Provided information START
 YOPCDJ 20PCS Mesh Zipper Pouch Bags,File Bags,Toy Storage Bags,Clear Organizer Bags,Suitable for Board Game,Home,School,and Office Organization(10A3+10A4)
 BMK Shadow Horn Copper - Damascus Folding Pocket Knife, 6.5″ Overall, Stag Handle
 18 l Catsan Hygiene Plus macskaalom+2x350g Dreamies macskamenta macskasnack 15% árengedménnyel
Provided information END
Provided information START
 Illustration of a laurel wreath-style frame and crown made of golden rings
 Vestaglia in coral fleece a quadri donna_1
Provided information END
What the task requires: From the line holding "YOPCDJ 20PCS Mesh" to the line holding "18 l Catsan", inclusive, restate each line above exactly as written.

Exercise output:
 YOPCDJ 20PCS Mesh Zipper Pouch Bags,File Bags,Toy Storage Bags,Clear Organizer Bags,Suitable for Board Game,Home,School,and Office Organization(10A3+10A4)
 BMK Shadow Horn Copper - Damascus Folding Pocket Knife, 6.5″ Overall, Stag Handle
 18 l Catsan Hygiene Plus macskaalom+2x350g Dreamies macskamenta macskasnack 15% árengedménnyel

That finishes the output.